- **DATASET**:
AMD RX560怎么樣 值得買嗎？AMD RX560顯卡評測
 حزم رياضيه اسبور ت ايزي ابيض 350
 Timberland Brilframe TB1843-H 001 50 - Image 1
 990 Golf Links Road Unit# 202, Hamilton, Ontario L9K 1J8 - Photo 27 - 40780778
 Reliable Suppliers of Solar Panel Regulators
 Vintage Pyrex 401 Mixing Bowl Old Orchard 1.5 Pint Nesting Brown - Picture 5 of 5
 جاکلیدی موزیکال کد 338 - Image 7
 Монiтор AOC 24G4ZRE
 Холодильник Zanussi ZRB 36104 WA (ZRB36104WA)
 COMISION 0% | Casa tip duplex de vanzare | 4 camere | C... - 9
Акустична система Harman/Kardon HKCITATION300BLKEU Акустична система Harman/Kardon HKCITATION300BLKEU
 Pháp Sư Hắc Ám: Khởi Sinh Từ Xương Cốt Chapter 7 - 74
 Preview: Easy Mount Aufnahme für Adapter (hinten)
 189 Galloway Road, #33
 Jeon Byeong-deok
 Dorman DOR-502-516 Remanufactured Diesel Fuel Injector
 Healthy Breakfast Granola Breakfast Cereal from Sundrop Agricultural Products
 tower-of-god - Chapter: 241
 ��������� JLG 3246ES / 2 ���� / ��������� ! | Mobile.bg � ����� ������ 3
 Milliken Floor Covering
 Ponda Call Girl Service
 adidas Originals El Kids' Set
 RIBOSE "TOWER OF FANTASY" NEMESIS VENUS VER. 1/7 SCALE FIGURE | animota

- **WHAT TO WORK ON**: Please write out each entry shown above exactly as given.

- **ANSWER TO THE EXERCISE**:
AMD RX560怎么樣 值得買嗎？AMD RX560顯卡評測
 حزم رياضيه اسبور ت ايزي ابيض 350
 Timberland Brilframe TB1843-H 001 50 - Image 1
 990 Golf Links Road Unit# 202, Hamilton, Ontario L9K 1J8 - Photo 27 - 40780778
 Reliable Suppliers of Solar Panel Regulators
 Vintage Pyrex 401 Mixing Bowl Old Orchard 1.5 Pint Nesting Brown - Picture 5 of 5
 جاکلیدی موزیکال کد 338 - Image 7
 Монiтор AOC 24G4ZRE
 Холодильник Zanussi ZRB 36104 WA (ZRB36104WA)
 COMISION 0% | Casa tip duplex de vanzare | 4 camere | C... - 9
Акустична система Harman/Kardon HKCITATION300BLKEU Акустична система Harman/Kardon HKCITATION300BLKEU
 Pháp Sư Hắc Ám: Khởi Sinh Từ Xương Cốt Chapter 7 - 74
 Preview: Easy Mount Aufnahme für Adapter (hinten)
 189 Galloway Road, #33
 Jeon Byeong-deok
 Dorman DOR-502-516 Remanufactured Diesel Fuel Injector
 Healthy Breakfast Granola Breakfast Cereal from Sundrop Agricultural Products
 tower-of-god - Chapter: 241
 ��������� JLG 3246ES / 2 ���� / ��������� ! | Mobile.bg � ����� ������ 3
 Milliken Floor Covering
 Ponda Call Girl Service
 adidas Originals El Kids' Set
 RIBOSE "TOWER OF FANTASY" NEMESIS VENUS VER. 1/7 SCALE FIGURE | animota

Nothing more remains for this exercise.